Herbe, bittere Grapefruit-Schale mit einem seifig-grünen Unterton. Trockener und strenger als natürliches Grapefruitöl, das schwefelhaltige und aldehydische Eigenschaften bewahrt. Ein schwacher Veilchen-Holz-Unterton liegt unter der Zitrusnote und verleiht ihm mehr Komplexität als ein einfaches Terpenaldehyd. Weniger süß alsZitrone Chemikalien, weniger blumig als Bergamotteund ohne den schwefelhaltigen Knall von Thioterpineol (Grapefruit-Mercaptan, das Molekül, das tatsächlich für das natürliche Grapefruit-Aroma verantwortlich ist). Moderate Diffusion; begrenzte Haftung.
Evolution over time
Immediately
Immediately
Scharfe, bittere Grapefruitschale. Klar und herb, mit einer seifig-grünen Note. Die Bitterkeit ist ausgeprägt — mehr Schale als Saft.
After a few hours
After a few hours
Der Zitrusbiss wird weicher. Ein schwacher holzig-violetter Unterton wird wahrnehmbar, und die seifige Facette glättet sich zu etwas Saubererem und Abstrakterem. Der Grapefruit-Charakter verblasst, verschwindet aber nicht ganz.
After a few days
After a few days
Fast verschwunden. Ein schwacher, sauberer, leicht wachsartiger Rückstand — der Geist von Zitrusschale auf trockenem Papier. Die Haltbarkeit ist durch den relativ hohen Dampfdruck des Moleküls begrenzt (0,214 mmHg bei 25 °C).
The Full Story
Methyl pamplemousse ist das Dimethylacetal von Traveal (2,2,5-trimethyl-4-hexenal). Sein IUPAC-Name lautet 6,6-Dimethoxy-2,5,5-trimethylhex-2-en.
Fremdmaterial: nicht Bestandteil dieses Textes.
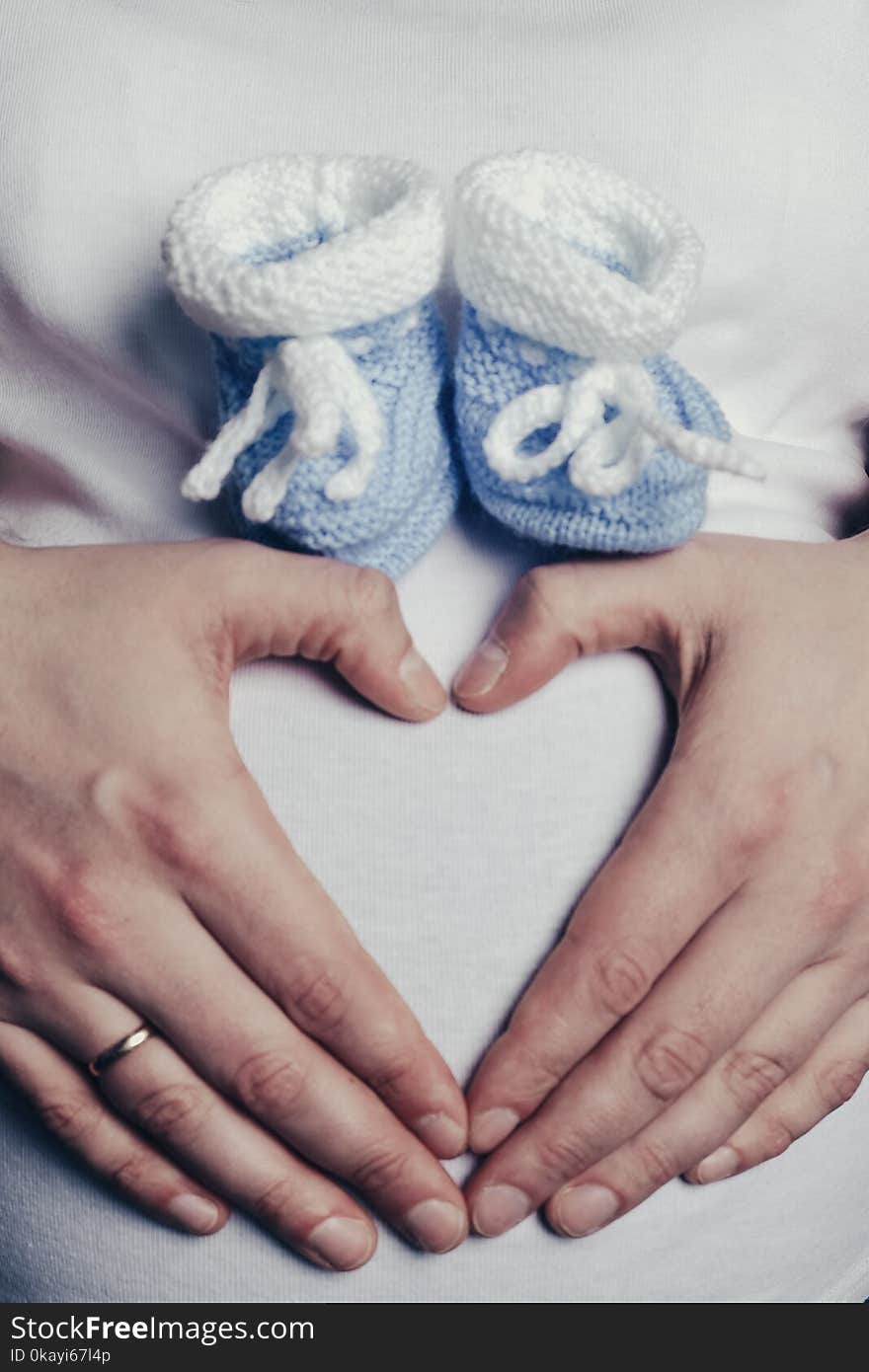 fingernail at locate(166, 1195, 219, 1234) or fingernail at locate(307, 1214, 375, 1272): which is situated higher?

Die Acetalstruktur macht es chemisch stabil in alkalischen Basen — Seifen, Reinigungsmitteln, Pulverformulierungen — wo natürliche Zitrusöle schnell zersetzen. Diese Stabilität, kombiniert mit einer klaren, grapefruit-schalenbitteren Note, machte es zu einem häufig verwendeten synthetischen Zitrusstoff sowohl in der hochwertigen Parfümerie als auch in der funktionalen Parfümerie.
Wie es riecht
Auf einem Duftstreifen ist der Auftakt scharf und bitter — Grapefruitschale, nicht Saft. Innerhalb von Minuten tritt ein seifiger, leicht holziger Unterton hervor, zusammen mit einer schwachen grün-violetten Qualität, die es von einfachen Zitrusaldehyden unterscheidet. Im Vergleich zuBergamotteist methyl pamplemousse trockener, bitterer und fehlt die teeartige Süße der Bergamotte. Im Vergleich zu Nootkaton — dem Sesquiterpen-Keton, das natürlich in Grapefruit vorkommt — ist es grüner und deutlich spritziger, während Nootkaton eher in holzig-amberartige Bereiche tendiert. Die Haltbarkeit ist begrenzt: etwa zwei Stunden auf einem Duftstreifen bei 100%.
Chemie
Molekularformel: C₁₁H₂₂O₂. Molekulargewicht: 186,29. CAS: 67674-46-8. EINECS: 266-885-2. Dichte: 0,865–0,885 bei 25°C. Brechungsindex: 1,430–1,450 bei 20°C. Siedepunkt: 214–215°C bei 760 mmHg. Flammpunkt: 83°C (TCC). Farblos bis blassgelbe Flüssigkeit. Das Molekül wird durch Acetalisierung von Traveal (2,2,5-trimethyl-4-hexenal) mit Methanol synthetisiert. Kommerzielle Präparate können Spuren des nicht umgesetzten Aldehyd-Vorläufers enthalten.
Handelsnamen
Verkauft als Methyl Pamplemousse (verschiedene Anbieter), Amarocit (Handelsname), Pomelocit, Pamplerom. Kein exklusives Molekül — weit verbreitet auf dem offenen Markt von mehreren Duftchemikalienlieferanten erhältlich.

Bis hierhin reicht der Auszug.